ICLE Comments on Implementation of Section 621(a)(1) of the Cable Communications Policy Act of 1984

Regulatory Comments In this ex parte letter, ICLE analyzes the law and economics of both the underlying statute and the FCC's proposed rulemaking that would affect the interpretation of cable franchise fees. For a variety of reasons set forth in the letter, we believe that the Commission is on firm legal and economic footing to adopt its proposed Order.  Congress intentionally enacted the five percent revenue cap to prevent LFAs from relying on cable franchise fees as an unlimited general revenue source. In order to maintain the proper incentives for network buildout — which are ever more-critical as our economy increasingly relies on high-speed broadband networks — the Commission should adopt the proposed Order.

Introduction

Congress passed the 1984 Cable Act in order to create a unified national framework for regulating networks for cable networks involving municipalities, cable operators, and the FCC.  As described by its primary sponsor, Sen. Barry Goldwater of Arizona, the Cable Act was drafted in order to reduce barriers standing in the way of the adoption of cable technology.

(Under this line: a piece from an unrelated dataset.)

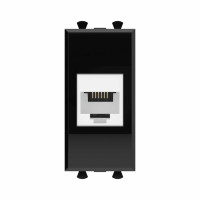 DKC Телефонная розетка RJ-12 без шторки модульная, "Avanti", "Черный квадрат", 1 модуль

The Act was passed and later amended in a way that carefully drew lines around the acceptable scope of local franchising authorities’ de facto monopoly power in granting cable franchises. The thrust of the Act was to encourage competition and build-out by discouraging franchising authorities from viewing cable providers as a captive source of unlimited revenue. It did this while also giving franchising authorities the tools necessary to support public, educational, and governmental (“PEG”) programming and enabling them to be fairly compensated for use of the public rights of way. Unfortunately, since the 1984 Cable Act was passed, an increasing number of local and state franchising authorities (collectively, “LFAs”) have attempted to work around the Act’s careful balance. In particular, these efforts have created two main problems:

First, LFAs frequently attempt to evade the Act’s limitation on franchise fees to five percent of cable revenues by seeking a variety of in-kind contributions from cable operators that impose costs over and above the five percent limit. LFAs do this despite the plain language of the statute defining franchise fees quite broadly as including any “tax, fee, or assessment of any kind imposed by a franchising authority or any other governmental entity.”

Although not nominally “fees,” such requirements are indisputably “assessments,” and the costs of such obligations are equivalent to the marginal cost of a cable operator providing those “free” services and facilities, as well as the opportunity cost (i.e., the foregone revenue) of using its fixed assets in the absence of a state or local franchise obligation. Any such costs will, to some extent, be passed on to customers as higher subscription prices, reduced quality, or both. By carefully limiting the ability of LFAs to abuse their bargaining position, Congress ensured that they could not extract disproportionate rents from cable operators (and, ultimately, their subscribers).

Second, LFAs also attempt to circumvent the franchise fee cap of five percent of gross cable revenues by seeking additional fees for non-cable services provided over mixed use networks (i.e. imposing additional franchise fees on the provision of broadband and other non-cable services over cable networks). But the statute is similarly clear that LFAs or other governmental entities cannot regulate non-cable services provided via franchised cable systems.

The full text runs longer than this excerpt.